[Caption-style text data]
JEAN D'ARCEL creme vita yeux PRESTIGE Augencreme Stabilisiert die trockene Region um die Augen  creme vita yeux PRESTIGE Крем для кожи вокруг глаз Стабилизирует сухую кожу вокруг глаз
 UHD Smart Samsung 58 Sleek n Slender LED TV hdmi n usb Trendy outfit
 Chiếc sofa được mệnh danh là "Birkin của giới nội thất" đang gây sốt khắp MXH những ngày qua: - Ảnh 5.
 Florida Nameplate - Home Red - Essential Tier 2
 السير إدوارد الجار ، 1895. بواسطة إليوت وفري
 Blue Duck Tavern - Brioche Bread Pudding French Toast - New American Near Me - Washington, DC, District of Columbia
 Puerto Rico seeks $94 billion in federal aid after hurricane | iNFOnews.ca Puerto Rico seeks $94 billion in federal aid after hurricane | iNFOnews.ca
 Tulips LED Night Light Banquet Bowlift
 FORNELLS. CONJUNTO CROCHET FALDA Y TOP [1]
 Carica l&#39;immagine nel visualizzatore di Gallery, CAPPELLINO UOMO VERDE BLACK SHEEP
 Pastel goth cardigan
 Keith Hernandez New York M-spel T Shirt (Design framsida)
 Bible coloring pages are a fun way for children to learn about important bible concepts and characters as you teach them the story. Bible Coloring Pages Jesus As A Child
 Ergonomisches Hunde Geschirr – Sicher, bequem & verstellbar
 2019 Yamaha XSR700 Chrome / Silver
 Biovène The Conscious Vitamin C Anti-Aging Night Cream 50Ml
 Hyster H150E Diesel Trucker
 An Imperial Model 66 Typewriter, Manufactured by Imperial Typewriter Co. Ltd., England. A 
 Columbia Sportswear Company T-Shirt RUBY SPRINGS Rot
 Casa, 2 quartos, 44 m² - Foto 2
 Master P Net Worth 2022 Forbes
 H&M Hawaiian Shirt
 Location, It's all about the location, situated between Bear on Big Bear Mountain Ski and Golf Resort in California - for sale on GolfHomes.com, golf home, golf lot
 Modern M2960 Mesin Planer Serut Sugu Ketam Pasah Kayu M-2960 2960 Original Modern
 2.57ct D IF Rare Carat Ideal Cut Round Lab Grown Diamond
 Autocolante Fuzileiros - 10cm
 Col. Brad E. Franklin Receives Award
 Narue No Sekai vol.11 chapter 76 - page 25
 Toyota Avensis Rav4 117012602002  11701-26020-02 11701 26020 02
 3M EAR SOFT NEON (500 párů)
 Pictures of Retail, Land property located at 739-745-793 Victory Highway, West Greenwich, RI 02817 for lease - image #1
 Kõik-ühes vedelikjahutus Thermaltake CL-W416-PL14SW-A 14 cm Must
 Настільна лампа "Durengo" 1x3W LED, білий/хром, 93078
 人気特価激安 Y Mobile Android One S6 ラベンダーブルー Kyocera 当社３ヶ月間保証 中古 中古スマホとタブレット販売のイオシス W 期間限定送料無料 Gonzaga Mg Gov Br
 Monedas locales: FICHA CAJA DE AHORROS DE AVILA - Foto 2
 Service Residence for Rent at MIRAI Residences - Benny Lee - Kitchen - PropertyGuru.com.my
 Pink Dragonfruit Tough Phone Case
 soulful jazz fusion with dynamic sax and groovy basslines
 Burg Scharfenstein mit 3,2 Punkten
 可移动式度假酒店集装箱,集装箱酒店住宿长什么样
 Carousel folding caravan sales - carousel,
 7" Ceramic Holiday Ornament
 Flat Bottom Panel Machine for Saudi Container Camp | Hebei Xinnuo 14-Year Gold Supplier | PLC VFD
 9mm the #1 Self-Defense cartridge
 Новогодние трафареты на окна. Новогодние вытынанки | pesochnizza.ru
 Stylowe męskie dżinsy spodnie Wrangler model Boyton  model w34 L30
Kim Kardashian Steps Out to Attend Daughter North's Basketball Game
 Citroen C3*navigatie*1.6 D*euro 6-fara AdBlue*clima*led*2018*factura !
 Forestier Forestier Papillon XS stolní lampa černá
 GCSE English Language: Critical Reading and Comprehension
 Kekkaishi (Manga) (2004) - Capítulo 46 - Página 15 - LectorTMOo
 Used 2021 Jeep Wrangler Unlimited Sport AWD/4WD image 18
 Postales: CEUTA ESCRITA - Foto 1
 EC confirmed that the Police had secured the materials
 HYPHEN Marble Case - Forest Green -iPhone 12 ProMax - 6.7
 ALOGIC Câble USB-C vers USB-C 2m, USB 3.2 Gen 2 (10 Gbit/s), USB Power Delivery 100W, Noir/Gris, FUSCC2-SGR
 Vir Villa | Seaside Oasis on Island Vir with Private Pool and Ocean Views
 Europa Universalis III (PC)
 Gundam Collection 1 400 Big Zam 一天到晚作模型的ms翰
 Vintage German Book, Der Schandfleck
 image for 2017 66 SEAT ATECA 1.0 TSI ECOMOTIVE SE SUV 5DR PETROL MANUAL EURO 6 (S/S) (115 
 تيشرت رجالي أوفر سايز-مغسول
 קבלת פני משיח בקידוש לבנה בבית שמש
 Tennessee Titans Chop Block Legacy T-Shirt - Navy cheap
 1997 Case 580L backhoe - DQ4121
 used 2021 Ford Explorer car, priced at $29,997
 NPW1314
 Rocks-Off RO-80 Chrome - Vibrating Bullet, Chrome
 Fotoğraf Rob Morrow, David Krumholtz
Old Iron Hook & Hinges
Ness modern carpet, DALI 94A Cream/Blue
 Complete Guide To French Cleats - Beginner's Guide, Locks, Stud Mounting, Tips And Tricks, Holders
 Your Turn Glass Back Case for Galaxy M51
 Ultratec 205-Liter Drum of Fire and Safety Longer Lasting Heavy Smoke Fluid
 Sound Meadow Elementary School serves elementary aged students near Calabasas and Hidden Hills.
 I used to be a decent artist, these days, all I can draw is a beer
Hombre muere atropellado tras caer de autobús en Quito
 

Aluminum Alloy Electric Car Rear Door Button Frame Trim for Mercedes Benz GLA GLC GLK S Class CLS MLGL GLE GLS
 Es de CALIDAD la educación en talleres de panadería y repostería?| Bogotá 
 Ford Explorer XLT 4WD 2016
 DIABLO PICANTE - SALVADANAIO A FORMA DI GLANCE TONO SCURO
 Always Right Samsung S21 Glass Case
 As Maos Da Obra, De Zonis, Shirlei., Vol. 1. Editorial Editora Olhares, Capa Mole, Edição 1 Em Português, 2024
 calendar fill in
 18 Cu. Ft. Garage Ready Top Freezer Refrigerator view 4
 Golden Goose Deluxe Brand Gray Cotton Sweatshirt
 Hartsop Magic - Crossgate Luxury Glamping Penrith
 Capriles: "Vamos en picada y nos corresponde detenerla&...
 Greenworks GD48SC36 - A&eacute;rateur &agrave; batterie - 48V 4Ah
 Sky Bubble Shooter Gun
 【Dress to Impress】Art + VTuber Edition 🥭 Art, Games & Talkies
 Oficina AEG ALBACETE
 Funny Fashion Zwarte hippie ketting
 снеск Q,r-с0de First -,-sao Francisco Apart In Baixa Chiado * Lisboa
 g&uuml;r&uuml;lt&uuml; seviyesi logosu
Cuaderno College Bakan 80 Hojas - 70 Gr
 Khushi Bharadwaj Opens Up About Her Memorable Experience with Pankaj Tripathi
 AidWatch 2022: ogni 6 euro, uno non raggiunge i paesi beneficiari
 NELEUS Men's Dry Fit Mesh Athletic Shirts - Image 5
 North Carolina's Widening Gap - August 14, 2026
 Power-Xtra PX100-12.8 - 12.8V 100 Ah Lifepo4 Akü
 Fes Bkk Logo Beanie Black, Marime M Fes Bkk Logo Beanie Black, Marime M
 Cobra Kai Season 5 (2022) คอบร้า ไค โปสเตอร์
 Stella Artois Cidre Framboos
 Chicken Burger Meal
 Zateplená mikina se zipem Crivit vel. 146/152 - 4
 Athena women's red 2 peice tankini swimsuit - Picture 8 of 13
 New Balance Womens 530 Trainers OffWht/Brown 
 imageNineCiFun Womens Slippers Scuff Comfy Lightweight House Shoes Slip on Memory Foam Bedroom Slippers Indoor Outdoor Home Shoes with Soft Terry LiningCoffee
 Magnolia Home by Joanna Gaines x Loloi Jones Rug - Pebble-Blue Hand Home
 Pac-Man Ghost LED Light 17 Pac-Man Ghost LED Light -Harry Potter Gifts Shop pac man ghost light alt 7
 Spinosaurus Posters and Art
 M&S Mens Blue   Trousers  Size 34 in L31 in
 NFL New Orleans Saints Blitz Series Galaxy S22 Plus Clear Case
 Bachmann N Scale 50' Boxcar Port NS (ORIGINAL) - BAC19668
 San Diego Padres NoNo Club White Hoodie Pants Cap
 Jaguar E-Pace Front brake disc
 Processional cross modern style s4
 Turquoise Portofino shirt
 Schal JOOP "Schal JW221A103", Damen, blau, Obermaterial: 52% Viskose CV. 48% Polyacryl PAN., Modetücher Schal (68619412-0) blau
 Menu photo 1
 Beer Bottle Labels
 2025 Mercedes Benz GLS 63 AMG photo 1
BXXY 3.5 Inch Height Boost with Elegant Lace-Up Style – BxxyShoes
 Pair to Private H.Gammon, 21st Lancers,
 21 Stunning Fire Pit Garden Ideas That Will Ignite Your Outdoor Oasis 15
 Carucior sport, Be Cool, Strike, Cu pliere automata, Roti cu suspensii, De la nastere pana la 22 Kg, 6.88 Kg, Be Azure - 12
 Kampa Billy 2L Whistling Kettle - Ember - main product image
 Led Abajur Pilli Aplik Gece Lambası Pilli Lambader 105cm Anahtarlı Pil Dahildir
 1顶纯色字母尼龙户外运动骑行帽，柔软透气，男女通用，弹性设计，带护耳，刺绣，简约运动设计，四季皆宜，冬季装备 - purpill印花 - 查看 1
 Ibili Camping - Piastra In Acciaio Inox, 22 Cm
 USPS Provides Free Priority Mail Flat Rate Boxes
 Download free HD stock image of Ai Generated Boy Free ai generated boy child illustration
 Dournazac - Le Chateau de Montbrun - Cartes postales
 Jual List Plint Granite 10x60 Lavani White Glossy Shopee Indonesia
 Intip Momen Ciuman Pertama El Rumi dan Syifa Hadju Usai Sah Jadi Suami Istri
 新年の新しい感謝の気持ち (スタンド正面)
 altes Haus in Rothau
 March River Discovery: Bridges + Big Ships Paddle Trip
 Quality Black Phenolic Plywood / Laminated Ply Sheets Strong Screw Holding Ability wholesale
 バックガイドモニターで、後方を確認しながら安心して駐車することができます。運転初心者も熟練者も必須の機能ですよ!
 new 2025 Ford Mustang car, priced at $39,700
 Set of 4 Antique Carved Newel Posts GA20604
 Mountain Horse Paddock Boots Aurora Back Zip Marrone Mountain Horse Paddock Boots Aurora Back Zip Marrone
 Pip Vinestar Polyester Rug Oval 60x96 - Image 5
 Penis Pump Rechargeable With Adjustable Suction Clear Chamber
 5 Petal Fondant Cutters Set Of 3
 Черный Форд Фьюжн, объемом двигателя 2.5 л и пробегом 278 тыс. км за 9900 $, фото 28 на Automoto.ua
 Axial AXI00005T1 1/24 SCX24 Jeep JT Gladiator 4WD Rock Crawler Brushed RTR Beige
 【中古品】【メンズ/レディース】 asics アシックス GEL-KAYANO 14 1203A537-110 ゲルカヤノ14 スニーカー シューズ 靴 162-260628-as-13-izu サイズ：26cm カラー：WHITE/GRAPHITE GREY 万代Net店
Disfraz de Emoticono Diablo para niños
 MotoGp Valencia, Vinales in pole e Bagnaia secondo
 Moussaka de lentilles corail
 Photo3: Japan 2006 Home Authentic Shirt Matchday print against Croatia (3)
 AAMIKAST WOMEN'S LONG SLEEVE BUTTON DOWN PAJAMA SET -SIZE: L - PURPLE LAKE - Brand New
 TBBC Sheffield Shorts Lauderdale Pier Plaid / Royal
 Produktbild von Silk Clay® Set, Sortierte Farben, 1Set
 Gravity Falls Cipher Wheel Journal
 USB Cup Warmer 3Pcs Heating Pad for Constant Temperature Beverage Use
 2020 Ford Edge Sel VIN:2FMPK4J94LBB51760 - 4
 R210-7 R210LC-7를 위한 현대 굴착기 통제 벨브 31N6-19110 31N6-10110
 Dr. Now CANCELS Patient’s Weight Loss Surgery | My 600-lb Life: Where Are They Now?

Task:
From the records above, work out how many lines contain the string "Flat". Give only the number.

Solution for this problem:
2